• Exercise
After finding the line containing "Bright abstract seamless" below, please output that line and each following one through the line containing "Riverwood 2*6 Lace", exactly as written.

• Caption-style text data
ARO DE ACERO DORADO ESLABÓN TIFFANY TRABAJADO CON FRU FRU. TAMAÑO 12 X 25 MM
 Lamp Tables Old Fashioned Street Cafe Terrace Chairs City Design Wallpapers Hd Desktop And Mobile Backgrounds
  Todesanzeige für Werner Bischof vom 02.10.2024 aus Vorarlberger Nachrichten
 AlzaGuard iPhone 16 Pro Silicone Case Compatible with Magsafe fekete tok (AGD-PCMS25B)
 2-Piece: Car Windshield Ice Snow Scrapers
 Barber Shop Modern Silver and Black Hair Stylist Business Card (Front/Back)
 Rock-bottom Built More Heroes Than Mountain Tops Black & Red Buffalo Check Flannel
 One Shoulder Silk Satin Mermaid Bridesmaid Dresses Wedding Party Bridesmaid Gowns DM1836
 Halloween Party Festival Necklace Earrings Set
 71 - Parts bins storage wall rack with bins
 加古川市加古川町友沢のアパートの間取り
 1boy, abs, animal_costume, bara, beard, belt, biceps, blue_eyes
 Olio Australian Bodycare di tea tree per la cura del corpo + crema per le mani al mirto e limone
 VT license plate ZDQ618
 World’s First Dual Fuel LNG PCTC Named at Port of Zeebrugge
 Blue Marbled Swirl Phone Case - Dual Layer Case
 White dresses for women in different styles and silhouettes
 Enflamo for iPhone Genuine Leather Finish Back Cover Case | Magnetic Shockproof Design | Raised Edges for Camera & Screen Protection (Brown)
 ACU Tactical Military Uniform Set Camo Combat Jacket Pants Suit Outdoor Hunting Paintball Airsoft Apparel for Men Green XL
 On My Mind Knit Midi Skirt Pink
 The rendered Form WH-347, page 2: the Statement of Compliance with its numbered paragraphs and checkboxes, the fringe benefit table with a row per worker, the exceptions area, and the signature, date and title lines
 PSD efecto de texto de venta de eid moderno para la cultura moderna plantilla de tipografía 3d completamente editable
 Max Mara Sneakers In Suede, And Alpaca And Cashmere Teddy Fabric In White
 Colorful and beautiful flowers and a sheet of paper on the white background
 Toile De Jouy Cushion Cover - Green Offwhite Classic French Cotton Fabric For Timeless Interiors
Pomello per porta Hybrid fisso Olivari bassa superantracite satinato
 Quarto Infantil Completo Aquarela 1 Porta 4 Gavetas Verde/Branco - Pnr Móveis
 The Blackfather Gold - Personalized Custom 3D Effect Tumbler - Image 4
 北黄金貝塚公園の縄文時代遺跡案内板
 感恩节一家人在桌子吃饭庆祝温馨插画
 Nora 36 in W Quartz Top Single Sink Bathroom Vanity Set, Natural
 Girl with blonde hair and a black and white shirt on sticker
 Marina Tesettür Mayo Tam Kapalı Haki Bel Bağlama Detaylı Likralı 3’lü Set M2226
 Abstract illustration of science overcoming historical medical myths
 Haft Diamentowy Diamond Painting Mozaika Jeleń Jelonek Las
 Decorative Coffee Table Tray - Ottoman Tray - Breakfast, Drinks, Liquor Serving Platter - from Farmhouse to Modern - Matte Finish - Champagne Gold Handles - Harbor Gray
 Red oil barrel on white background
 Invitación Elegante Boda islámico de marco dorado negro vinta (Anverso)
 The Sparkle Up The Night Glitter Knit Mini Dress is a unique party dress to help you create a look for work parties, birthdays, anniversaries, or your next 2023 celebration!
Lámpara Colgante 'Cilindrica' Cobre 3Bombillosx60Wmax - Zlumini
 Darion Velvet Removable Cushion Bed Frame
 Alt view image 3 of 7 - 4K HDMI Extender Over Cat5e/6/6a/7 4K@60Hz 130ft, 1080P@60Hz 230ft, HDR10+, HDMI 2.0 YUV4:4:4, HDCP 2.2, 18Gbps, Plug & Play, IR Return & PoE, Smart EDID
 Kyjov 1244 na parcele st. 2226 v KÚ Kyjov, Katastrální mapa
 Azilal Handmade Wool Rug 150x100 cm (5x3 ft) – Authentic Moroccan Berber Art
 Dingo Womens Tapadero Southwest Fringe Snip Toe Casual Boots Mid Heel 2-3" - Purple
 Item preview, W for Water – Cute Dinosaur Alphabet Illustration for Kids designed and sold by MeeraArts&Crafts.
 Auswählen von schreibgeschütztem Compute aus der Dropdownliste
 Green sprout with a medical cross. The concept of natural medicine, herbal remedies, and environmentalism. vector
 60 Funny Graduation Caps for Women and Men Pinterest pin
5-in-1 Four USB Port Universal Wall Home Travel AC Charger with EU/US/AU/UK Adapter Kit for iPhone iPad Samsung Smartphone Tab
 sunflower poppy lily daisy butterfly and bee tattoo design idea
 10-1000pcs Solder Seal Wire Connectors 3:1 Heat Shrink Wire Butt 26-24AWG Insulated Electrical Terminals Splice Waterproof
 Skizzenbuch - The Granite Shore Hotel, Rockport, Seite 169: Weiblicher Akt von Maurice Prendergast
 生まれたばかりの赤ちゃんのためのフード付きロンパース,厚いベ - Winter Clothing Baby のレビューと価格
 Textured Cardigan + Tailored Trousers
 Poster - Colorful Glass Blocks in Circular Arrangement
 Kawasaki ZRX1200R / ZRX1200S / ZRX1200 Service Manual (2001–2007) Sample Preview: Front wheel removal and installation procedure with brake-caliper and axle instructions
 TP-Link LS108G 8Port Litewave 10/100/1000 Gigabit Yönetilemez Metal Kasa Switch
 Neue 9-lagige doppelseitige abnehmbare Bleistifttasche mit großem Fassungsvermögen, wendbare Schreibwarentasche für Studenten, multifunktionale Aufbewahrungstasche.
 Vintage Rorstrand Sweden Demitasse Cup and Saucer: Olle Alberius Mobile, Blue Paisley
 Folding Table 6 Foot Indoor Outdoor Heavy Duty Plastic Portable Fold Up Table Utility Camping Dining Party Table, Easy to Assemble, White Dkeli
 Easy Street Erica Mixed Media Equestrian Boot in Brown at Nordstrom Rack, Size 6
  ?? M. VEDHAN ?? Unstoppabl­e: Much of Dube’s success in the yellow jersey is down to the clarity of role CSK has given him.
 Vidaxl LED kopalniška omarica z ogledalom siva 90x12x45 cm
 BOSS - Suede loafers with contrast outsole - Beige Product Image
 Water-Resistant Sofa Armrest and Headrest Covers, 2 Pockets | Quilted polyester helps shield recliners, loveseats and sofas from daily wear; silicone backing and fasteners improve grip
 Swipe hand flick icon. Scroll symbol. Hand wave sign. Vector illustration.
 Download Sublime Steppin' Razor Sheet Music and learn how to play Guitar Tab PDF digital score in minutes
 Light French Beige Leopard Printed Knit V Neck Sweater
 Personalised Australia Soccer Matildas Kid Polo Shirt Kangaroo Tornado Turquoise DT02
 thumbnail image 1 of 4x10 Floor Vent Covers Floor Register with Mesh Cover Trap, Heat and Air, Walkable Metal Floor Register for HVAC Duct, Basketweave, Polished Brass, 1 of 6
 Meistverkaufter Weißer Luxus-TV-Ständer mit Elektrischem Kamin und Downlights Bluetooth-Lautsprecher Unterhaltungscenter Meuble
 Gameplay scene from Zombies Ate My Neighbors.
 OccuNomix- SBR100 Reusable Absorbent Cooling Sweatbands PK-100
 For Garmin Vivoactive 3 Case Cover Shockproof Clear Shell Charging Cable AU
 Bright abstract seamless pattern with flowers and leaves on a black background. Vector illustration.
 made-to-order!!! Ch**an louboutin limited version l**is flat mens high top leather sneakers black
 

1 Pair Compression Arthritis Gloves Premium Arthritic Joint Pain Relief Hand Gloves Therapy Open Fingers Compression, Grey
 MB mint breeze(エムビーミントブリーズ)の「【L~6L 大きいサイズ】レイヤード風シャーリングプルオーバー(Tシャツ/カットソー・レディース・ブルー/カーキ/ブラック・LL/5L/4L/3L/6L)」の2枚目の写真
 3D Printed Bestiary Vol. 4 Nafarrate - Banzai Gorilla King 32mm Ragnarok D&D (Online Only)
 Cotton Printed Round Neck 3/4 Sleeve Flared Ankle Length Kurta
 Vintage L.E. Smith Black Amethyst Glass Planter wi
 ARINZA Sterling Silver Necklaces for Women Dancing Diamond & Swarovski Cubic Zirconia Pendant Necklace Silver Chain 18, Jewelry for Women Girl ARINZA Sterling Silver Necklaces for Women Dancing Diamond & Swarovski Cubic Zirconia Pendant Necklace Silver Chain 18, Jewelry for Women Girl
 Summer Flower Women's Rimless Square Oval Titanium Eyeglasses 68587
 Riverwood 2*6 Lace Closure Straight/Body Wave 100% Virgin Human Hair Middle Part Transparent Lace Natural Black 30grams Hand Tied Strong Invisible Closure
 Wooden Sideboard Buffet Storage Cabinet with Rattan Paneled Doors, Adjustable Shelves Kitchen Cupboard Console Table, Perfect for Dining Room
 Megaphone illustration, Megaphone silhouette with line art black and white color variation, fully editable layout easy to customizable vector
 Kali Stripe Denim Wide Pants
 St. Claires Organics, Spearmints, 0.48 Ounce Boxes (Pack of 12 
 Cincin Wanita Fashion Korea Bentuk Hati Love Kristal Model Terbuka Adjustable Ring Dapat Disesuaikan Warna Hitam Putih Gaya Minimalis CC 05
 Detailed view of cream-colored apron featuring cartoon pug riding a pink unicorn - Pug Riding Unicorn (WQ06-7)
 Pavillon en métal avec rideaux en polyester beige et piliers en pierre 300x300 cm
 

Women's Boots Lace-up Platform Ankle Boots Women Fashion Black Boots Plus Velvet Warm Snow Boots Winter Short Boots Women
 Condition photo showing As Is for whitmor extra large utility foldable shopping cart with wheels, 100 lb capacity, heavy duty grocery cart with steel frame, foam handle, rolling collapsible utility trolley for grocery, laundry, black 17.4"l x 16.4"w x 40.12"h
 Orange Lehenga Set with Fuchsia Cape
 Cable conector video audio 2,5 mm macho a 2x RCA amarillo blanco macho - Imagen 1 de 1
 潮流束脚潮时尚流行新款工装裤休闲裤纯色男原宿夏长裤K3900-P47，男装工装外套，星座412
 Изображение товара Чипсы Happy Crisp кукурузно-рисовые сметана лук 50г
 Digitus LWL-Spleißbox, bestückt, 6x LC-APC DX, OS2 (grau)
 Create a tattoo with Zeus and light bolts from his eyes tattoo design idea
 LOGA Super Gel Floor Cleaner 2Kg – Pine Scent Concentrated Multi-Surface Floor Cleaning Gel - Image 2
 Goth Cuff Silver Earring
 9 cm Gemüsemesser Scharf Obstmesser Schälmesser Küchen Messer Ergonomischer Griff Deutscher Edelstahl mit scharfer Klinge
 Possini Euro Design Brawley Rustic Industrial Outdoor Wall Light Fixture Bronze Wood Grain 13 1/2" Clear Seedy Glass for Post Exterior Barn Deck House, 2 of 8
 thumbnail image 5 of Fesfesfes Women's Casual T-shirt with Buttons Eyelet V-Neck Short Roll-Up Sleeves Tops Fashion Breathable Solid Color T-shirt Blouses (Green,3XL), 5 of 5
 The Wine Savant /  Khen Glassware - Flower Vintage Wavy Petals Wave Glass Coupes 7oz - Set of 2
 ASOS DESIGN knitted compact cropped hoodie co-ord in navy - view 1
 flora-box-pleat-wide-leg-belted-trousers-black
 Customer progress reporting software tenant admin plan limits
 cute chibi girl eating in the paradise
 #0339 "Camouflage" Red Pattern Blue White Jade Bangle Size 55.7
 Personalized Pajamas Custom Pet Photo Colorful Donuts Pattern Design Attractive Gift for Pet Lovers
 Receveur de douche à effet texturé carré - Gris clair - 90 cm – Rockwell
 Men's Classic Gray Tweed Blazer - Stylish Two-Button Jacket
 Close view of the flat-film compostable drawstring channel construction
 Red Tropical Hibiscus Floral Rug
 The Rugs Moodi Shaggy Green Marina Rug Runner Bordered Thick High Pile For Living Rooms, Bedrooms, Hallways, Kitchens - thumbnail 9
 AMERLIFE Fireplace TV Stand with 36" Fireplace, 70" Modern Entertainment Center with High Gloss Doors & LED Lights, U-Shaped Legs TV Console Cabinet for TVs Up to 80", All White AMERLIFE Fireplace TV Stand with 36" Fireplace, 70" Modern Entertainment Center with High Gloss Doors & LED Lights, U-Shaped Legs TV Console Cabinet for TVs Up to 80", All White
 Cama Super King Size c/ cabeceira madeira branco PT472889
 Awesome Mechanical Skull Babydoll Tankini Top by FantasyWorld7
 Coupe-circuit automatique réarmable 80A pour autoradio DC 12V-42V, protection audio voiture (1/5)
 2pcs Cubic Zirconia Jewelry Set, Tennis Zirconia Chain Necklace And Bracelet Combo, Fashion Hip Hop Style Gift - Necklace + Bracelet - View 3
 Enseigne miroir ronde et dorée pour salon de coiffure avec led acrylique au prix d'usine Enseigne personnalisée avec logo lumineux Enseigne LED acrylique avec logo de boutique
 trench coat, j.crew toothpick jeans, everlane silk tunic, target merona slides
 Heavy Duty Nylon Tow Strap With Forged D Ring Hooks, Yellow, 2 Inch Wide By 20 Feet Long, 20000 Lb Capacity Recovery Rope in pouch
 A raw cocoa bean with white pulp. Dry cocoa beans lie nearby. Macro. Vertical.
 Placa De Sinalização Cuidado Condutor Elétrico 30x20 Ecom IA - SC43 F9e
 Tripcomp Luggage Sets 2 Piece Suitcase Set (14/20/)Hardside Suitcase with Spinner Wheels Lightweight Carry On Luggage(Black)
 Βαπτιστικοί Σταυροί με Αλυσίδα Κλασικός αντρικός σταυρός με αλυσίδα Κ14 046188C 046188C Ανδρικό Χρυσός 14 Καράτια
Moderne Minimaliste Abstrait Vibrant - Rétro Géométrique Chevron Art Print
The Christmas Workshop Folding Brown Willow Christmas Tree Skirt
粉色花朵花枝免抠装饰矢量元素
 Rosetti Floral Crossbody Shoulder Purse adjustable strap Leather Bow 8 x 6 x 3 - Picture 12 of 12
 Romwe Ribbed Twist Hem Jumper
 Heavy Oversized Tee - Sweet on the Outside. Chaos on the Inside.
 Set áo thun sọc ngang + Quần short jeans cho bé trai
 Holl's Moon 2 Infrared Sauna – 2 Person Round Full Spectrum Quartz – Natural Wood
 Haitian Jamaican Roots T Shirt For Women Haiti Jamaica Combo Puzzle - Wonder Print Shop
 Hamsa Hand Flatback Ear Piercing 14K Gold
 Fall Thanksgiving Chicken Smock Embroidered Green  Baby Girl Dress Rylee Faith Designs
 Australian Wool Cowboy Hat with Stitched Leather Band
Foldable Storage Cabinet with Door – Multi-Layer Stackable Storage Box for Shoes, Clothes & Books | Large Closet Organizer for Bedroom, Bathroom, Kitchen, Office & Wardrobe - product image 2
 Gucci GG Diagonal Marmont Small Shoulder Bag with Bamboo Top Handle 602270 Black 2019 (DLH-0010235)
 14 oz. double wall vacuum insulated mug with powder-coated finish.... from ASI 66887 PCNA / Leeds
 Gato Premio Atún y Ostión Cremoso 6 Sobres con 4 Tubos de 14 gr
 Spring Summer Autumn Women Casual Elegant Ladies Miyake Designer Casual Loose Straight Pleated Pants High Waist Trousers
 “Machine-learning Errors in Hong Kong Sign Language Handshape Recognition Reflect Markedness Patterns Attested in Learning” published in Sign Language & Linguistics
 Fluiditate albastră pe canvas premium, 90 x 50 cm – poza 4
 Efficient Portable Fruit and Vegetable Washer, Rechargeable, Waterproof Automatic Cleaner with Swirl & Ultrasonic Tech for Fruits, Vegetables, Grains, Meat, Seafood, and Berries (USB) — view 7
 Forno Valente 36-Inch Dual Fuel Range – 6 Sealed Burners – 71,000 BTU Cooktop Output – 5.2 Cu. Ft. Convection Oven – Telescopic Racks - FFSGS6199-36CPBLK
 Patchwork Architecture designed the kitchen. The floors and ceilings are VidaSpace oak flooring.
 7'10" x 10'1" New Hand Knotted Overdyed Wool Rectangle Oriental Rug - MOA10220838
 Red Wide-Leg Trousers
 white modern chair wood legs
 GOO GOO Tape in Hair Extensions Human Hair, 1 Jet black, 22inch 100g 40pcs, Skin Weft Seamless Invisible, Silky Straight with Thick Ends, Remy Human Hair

• Output of the exercise
 Bright abstract seamless pattern with flowers and leaves on a black background. Vector illustration.
 made-to-order!!! Ch**an louboutin limited version l**is flat mens high top leather sneakers black
 

1 Pair Compression Arthritis Gloves Premium Arthritic Joint Pain Relief Hand Gloves Therapy Open Fingers Compression, Grey
 MB mint breeze(エムビーミントブリーズ)の「【L~6L 大きいサイズ】レイヤード風シャーリングプルオーバー(Tシャツ/カットソー・レディース・ブルー/カーキ/ブラック・LL/5L/4L/3L/6L)」の2枚目の写真
 3D Printed Bestiary Vol. 4 Nafarrate - Banzai Gorilla King 32mm Ragnarok D&D (Online Only)
 Cotton Printed Round Neck 3/4 Sleeve Flared Ankle Length Kurta
 Vintage L.E. Smith Black Amethyst Glass Planter wi
 ARINZA Sterling Silver Necklaces for Women Dancing Diamond & Swarovski Cubic Zirconia Pendant Necklace Silver Chain 18, Jewelry for Women Girl ARINZA Sterling Silver Necklaces for Women Dancing Diamond & Swarovski Cubic Zirconia Pendant Necklace Silver Chain 18, Jewelry for Women Girl
 Summer Flower Women's Rimless Square Oval Titanium Eyeglasses 68587
 Riverwood 2*6 Lace Closure Straight/Body Wave 100% Virgin Human Hair Middle Part Transparent Lace Natural Black 30grams Hand Tied Strong Invisible Closure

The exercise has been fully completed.